Alice Mariah Waring Holmes (June 11, 1872 – August 27, 1939) was an American educator, suffragette, and dentist, thought to be the first female Black dentist in Washington D.C.

==Early life and education==
Alice Mariah Waring was born on June 11, 1872, in Oberlin, Ohio, to William Waring and Amanda Fitz-Allen Hill Waring. She was one of four children with siblings James, Lavinia and Robert. She attended the Colored High School in Washington, D.C., and normal school.

She attended Howard University Dental College from 1897 through 1900 and received her D.D.S. in 1900.

==Career==
Holmes taught elementary school in the Washington, D.C., school system before and during the time she was attending medical school. She had a medical office at 518 T Street NW, described as "the nicest office in her section of the city" by late 1900. She advertised herself as a "surgeon dentist" and stated that children's work was her specialty. She was elected to be the treasurer of the National Association of Colored Dentists in 1901.
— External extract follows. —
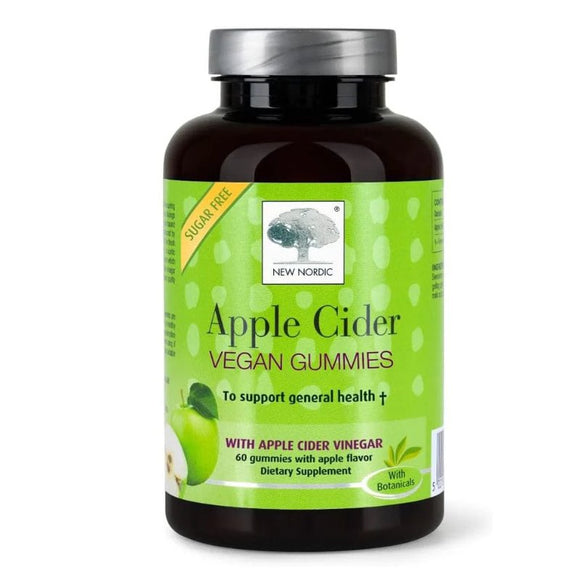 New Nordic Apple Cider 60 Gummies - O'Sullivans Pharmacy - Vitamins - 5021807442232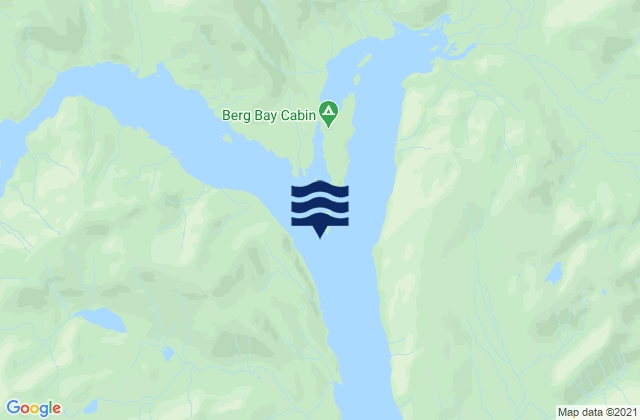 Berg Bay, United Statesの潮見表地図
She moved to Pittsburgh, Pennsylvania, got married, and established herself as a suffragette, attending the National Women's Suffrage Conference in 1913 in her role as president of the Lucy Stone Women's Suffrage League. She was a member of many local clubs including the Aurora Reading Circle and the Negro Women's Republican League where she acted as chairman. She and Mrs. Israel Lee were chosen as alternates to the national convention at Pennsylvania's Women's Suffrage Convention. In 1923, she was appointed to be an assistant in the Tax Revision office of Allegheny County.

==Personal life==
Holmes purchased a lot in the Barry Farm area of Southeastern Washington, D.C., in 1903. She married J. Welford Holmes, a Pittsburgh lawyer who belonged to many fraternal organizations including Prince Hall Freemasonry and the Knights of Pythias of North America, South America, Europe, Asia, Africa and Australia. They had one son, J. Welford Holmes Jr. who was born in 1908. J. Welford Holmes Sr. died in 1922.

==Death==
Holmes died on August 27, 1939, in Winston-Salem, North Carolina.